# [What to work on]
Ignoring every picture, return the lines of the listing below word for word, from the line that holds "Flexi New Classic Seil rot S, 8 m, 12 kg" through the line that holds "Роскошный Матовый чехол".

Extracted records Start Marker

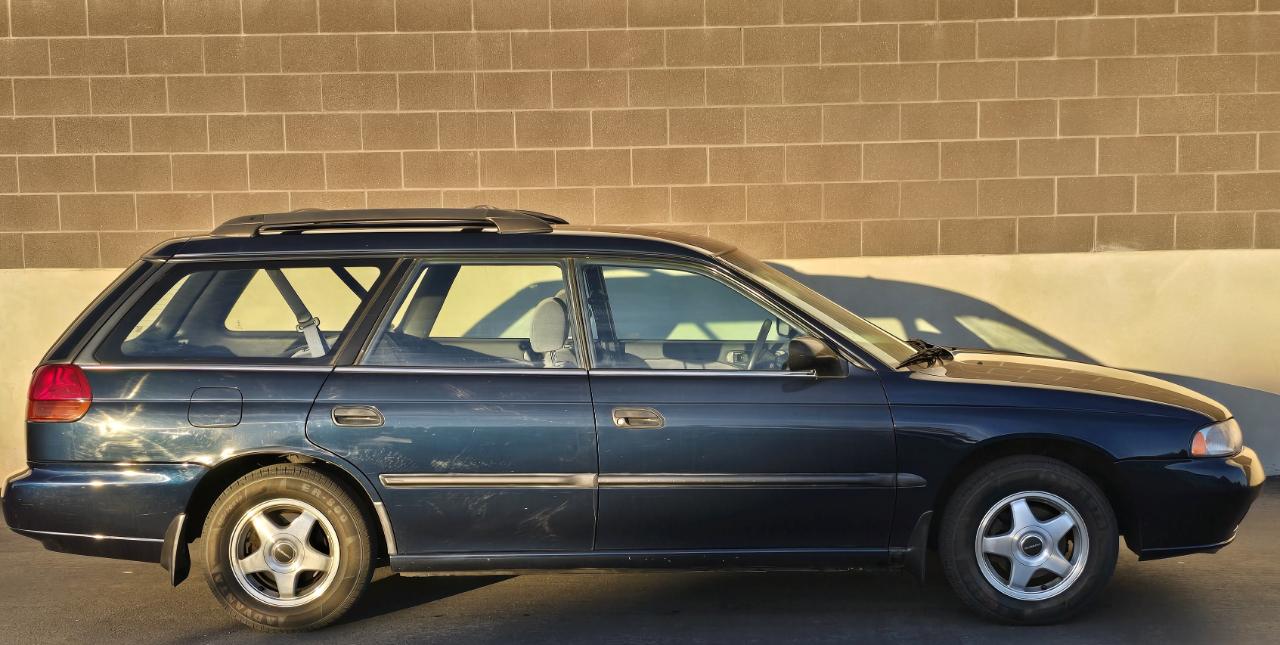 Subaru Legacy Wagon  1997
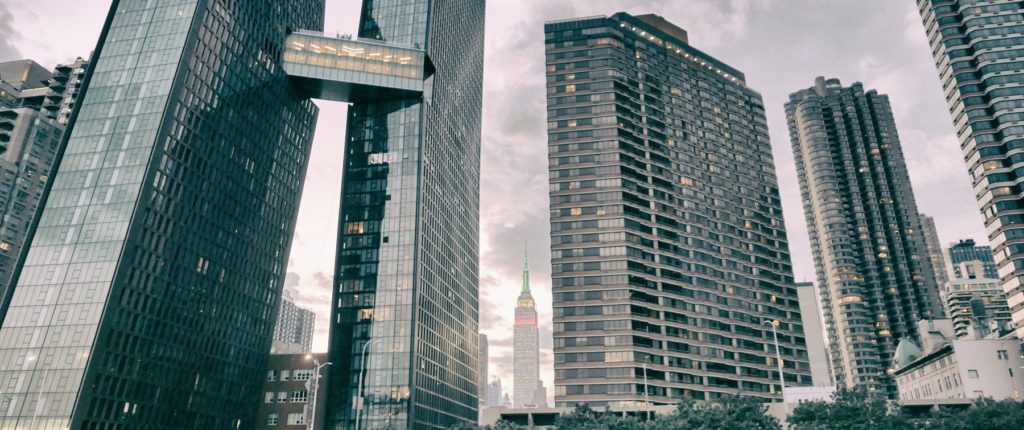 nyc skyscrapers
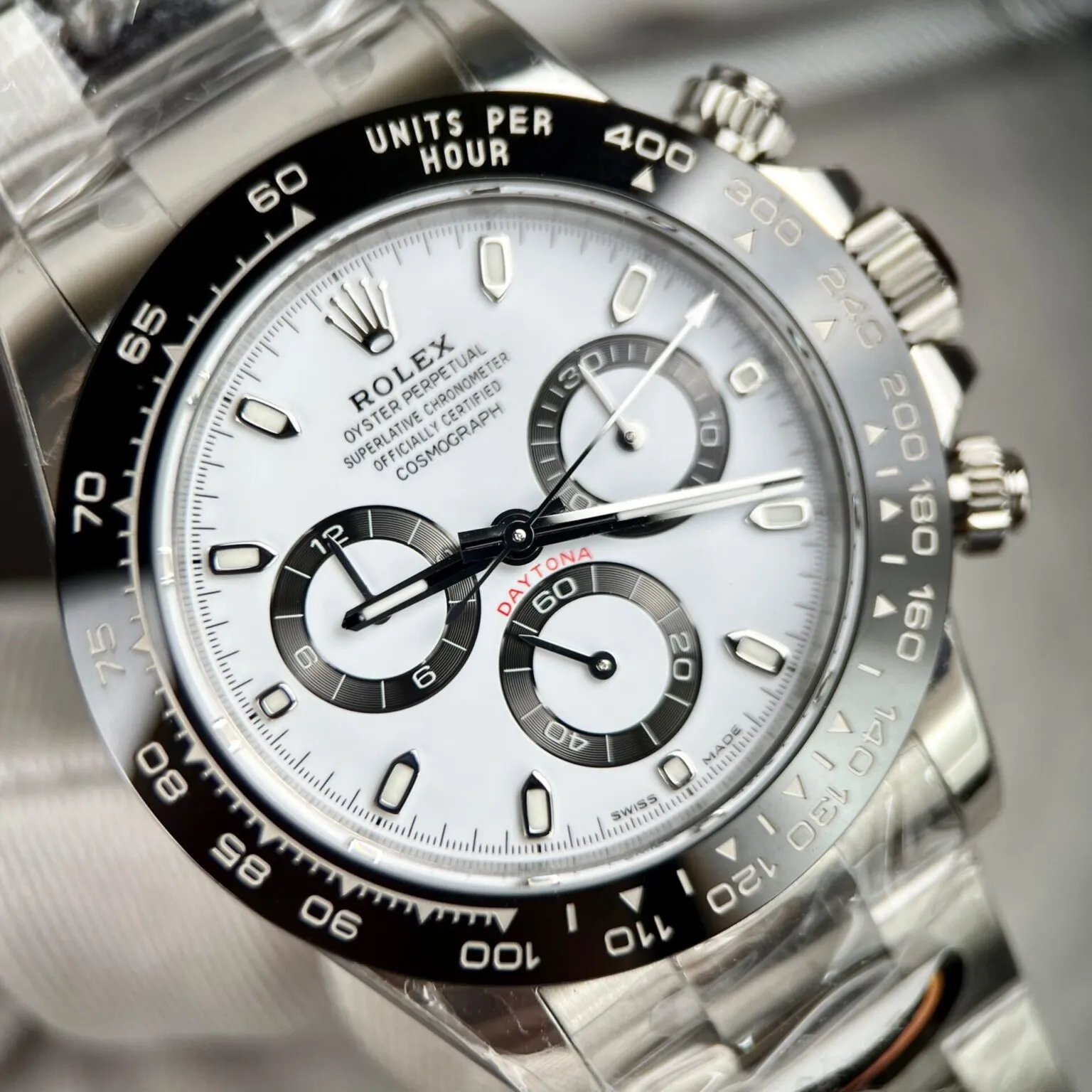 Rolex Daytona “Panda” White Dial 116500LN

Extracted records End Marker
Extracted records Start Marker

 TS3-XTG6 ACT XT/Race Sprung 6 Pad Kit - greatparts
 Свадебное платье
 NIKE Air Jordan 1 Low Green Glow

Extracted records End Marker
Extracted records Start Marker

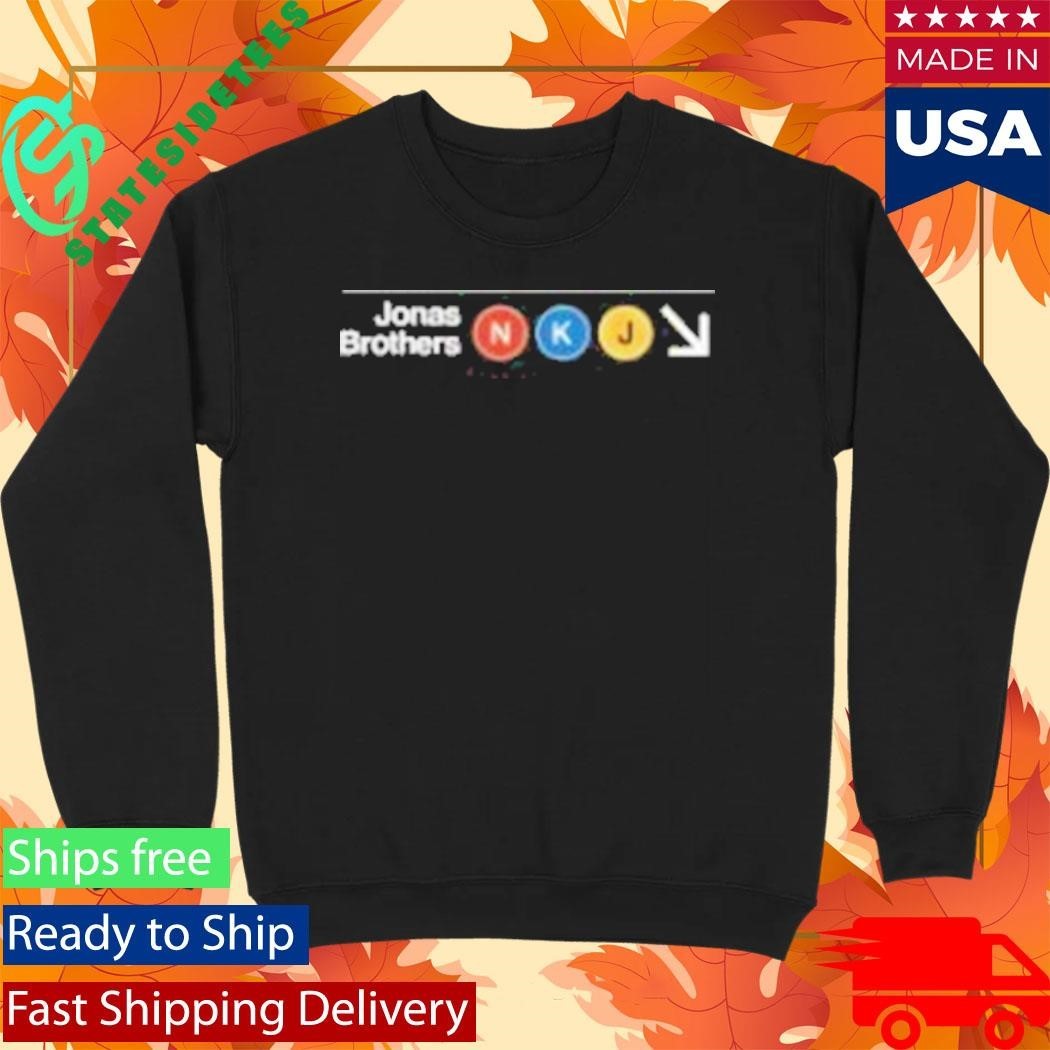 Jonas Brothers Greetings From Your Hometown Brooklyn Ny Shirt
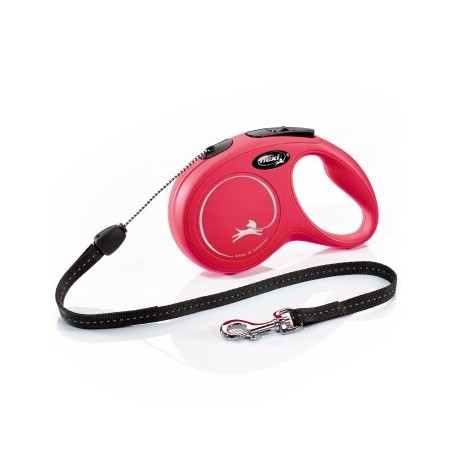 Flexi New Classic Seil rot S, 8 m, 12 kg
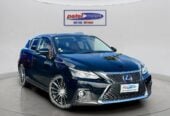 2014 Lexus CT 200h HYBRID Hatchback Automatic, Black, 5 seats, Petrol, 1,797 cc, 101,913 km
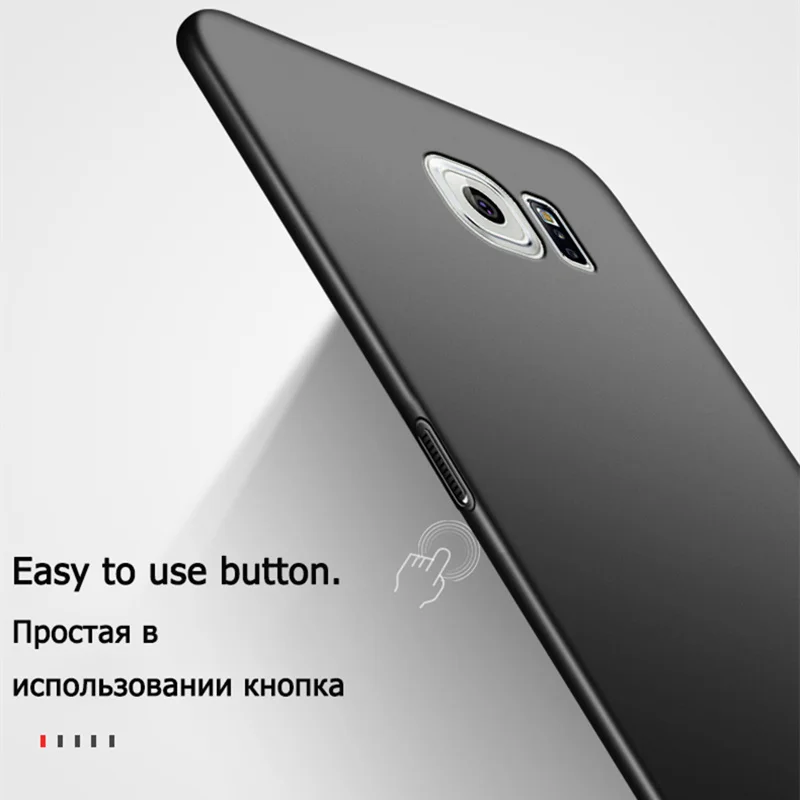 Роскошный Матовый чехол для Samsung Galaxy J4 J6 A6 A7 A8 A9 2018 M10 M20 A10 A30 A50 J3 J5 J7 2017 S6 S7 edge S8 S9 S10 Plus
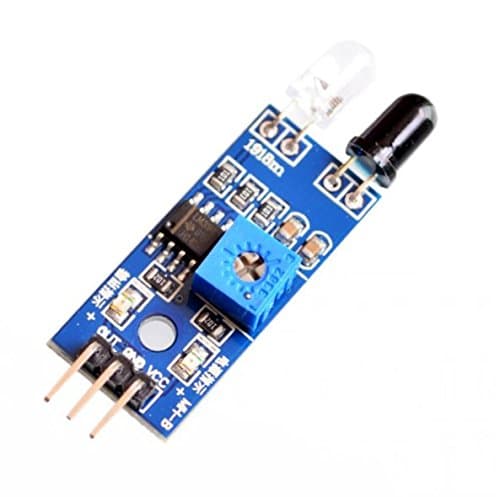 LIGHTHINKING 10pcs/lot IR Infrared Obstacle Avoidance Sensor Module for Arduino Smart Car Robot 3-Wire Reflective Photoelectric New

Extracted records End Marker

# [Answer below]
 Flexi New Classic Seil rot S, 8 m, 12 kg
 2014 Lexus CT 200h HYBRID Hatchback Automatic, Black, 5 seats, Petrol, 1,797 cc, 101,913 km
 Роскошный Матовый чехол для Samsung Galaxy J4 J6 A6 A7 A8 A9 2018 M10 M20 A10 A30 A50 J3 J5 J7 2017 S6 S7 edge S8 S9 S10 Plus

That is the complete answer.